## [WORK TO COMPLETE]
The answer must consist solely of the lines from the line with "Joey Swole in" to the end of the data below, transcribed exactly and with no pictures.

## [DATASET CONTENT]

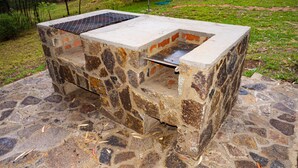 A stone barbecue grill with a metal grate, surrounded by a stone base. - Lovely 3 bed Troutbeck Cottage - 2295 (Nyanga)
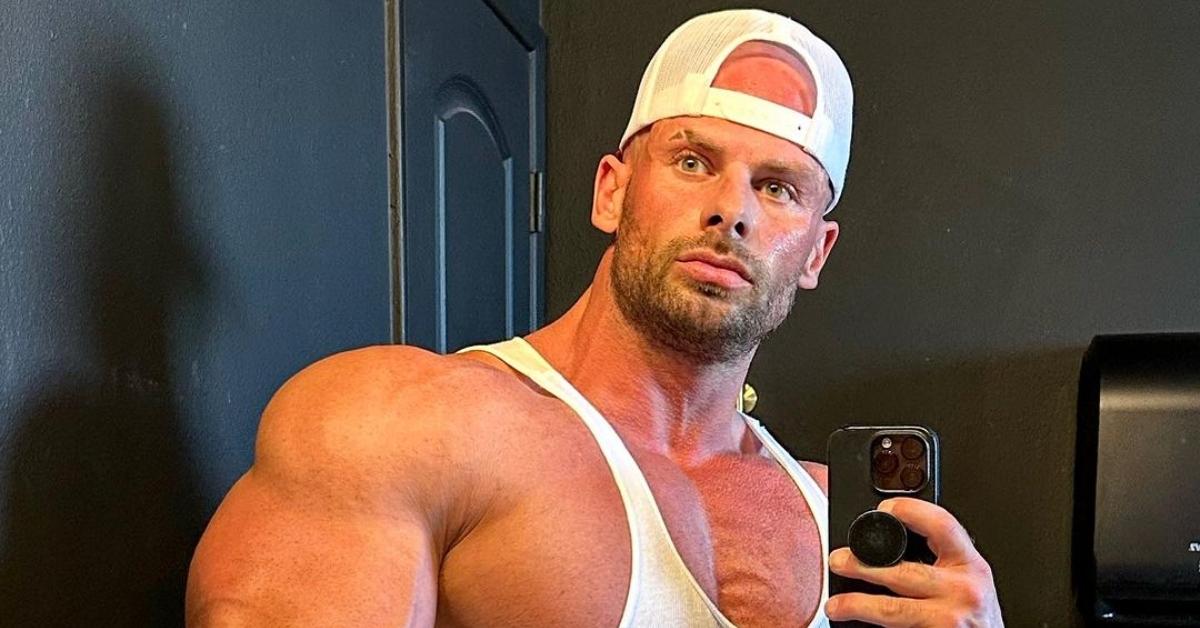 Joey Swole in a white tank top and hat poses in the mirror for a selfie with a serious face.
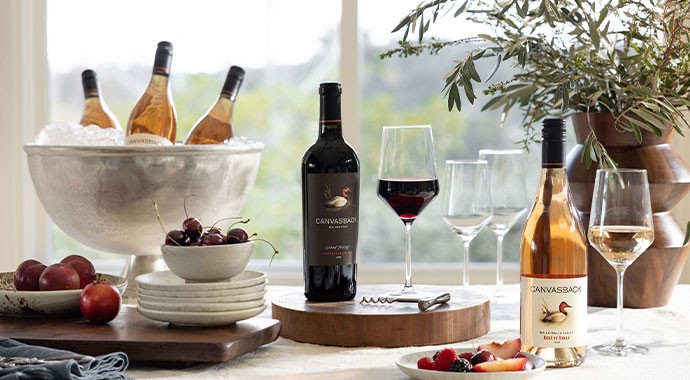 Canvasback wines on a dining table with a bouquet of flowers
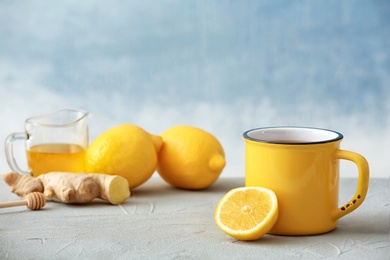 Photo of Cup of hot tea and lemon on table. Space for text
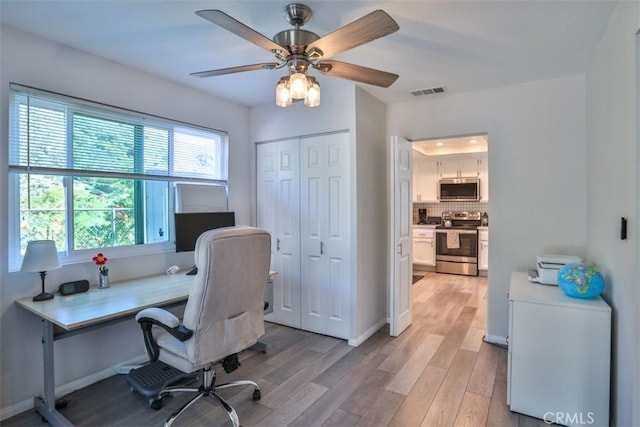 office area with light wood-style floors, baseboards, a ceiling fan, and visible vents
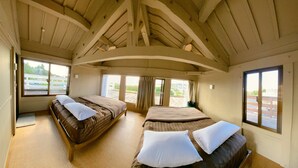 A room with two beds, a wooden ceiling, and large windows. - Villa SERENO MOTOBU  (Motobu)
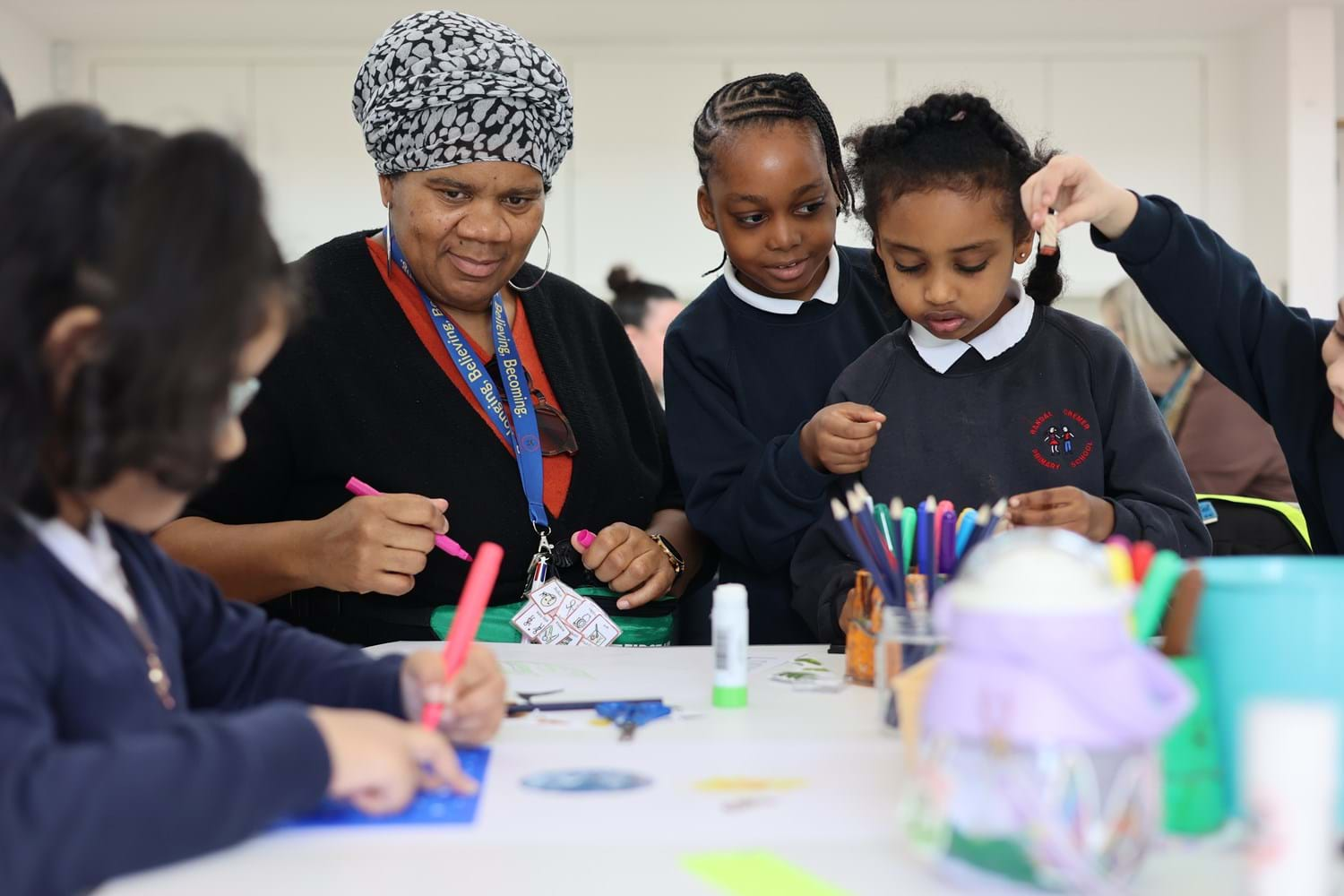 An adult helping three school children in uniform during an art craft workshop.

## [YOUR RESPONSE]
 Joey Swole in a white tank top and hat poses in the mirror for a selfie with a serious face.
 Canvasback wines on a dining table with a bouquet of flowers
 Photo of Cup of hot tea and lemon on table. Space for text
 office area with light wood-style floors, baseboards, a ceiling fan, and visible vents
 A room with two beds, a wooden ceiling, and large windows. - Villa SERENO MOTOBU  (Motobu)
 An adult helping three school children in uniform during an art craft workshop.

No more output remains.